A common shortcoming for the operational assessment of resilience is the frequent vagueness of resilience enhancing measures (Baho et al. 2017; Moser et al. 2019), and this is particularly clear when resilience to climate change is considered. In this case, the ORF application allows (i) the identification of measurable characteristics of the system (e.g., ecosystem services) that are at risk under climate change; (ii) the clarification of specific drivers associated with climate change which are significantly impacting the systems (i.e., increase in temperature, extreme weather events, associated disturbance regime); and (iii) a formal assessment of the factors whose management is likely to improve resilience to climate challenges together with contextual co-drivers that modulate them and determine the boundaries of resilience.
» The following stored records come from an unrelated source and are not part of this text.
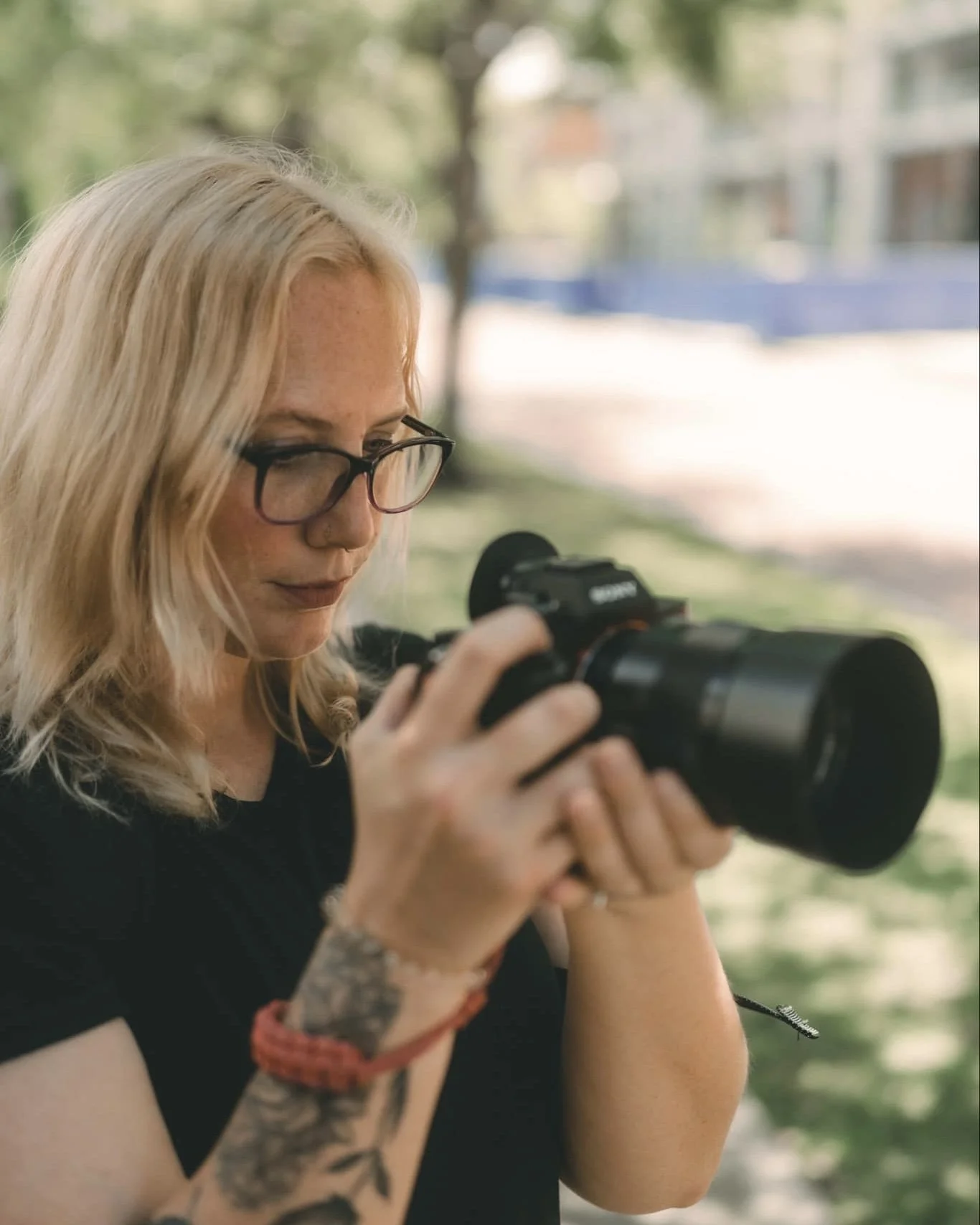 A woman with blonde hair and glasses looking at a camera outdoors in a park.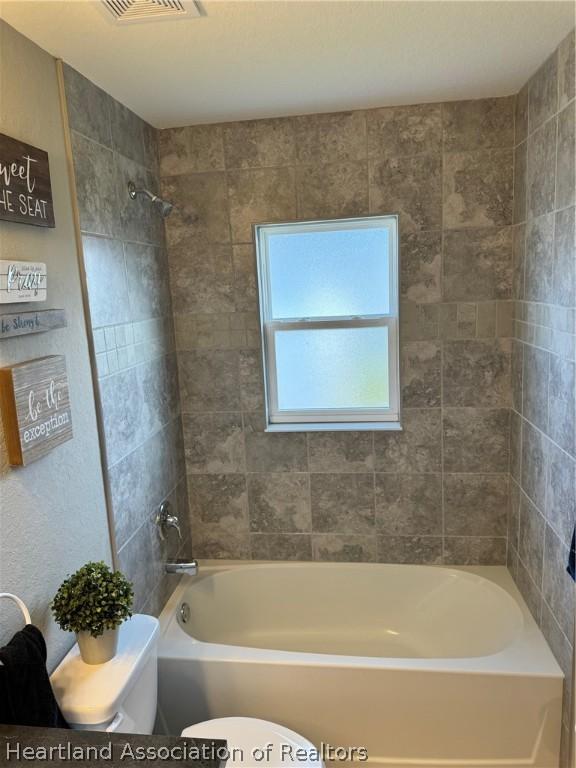 bathroom featuring tiled shower / bath combo and toilet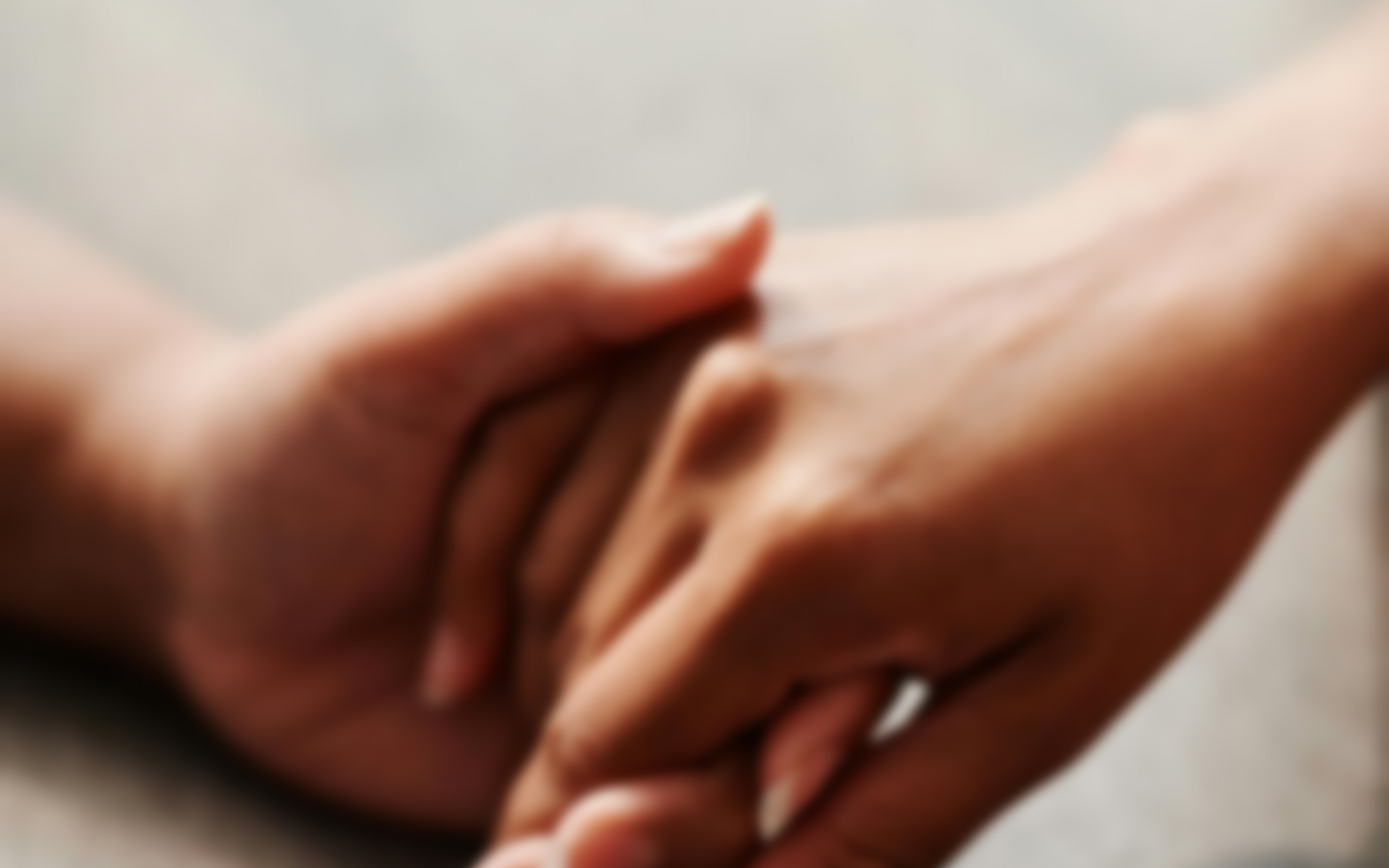 Two hands gently clasped together on a soft gray surface.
ORF is also very flexible in the use of metrics, scales, disturbances or stressors, and particularly in the establishment of the reference state, which can be adapted to specific cases that not necessarily correspond to past situations and should dismiss undesired scenarios. Also, the ORF can also embrace qualitative analyses based on categorical parameters, which are more common in assessments based on stakeholder elicitation and on comprehensive social–ecological perspectives. The ORF’s procedure is mainly aimed at identifying a minimum set of elements needed to assess specific resilience (sensu Folke et al. 2010). In contrast, the analysis of general resilience (sensu Folke et al. 2010) in social–ecological systems usually follows an agent-based approach (Miller et al. 2010), to the detriment of the operability of the analysis and its further application. The narrative proposed by ORF can complement more holistic approaches, contribute to identifying descriptors of the whole system, and help to find predictors of the system behavior in terms of resilience.

In conclusion, we endorse the creation of a common protocol in resilience studies and applications, explicitly identifying the elements of the ORF and adopting its rationale and corresponding roadmap. This protocol will facilitate comparisons and the establishment and evaluation of decision and management goals, providing a unified approach to produce more robust and operational resilience assessments.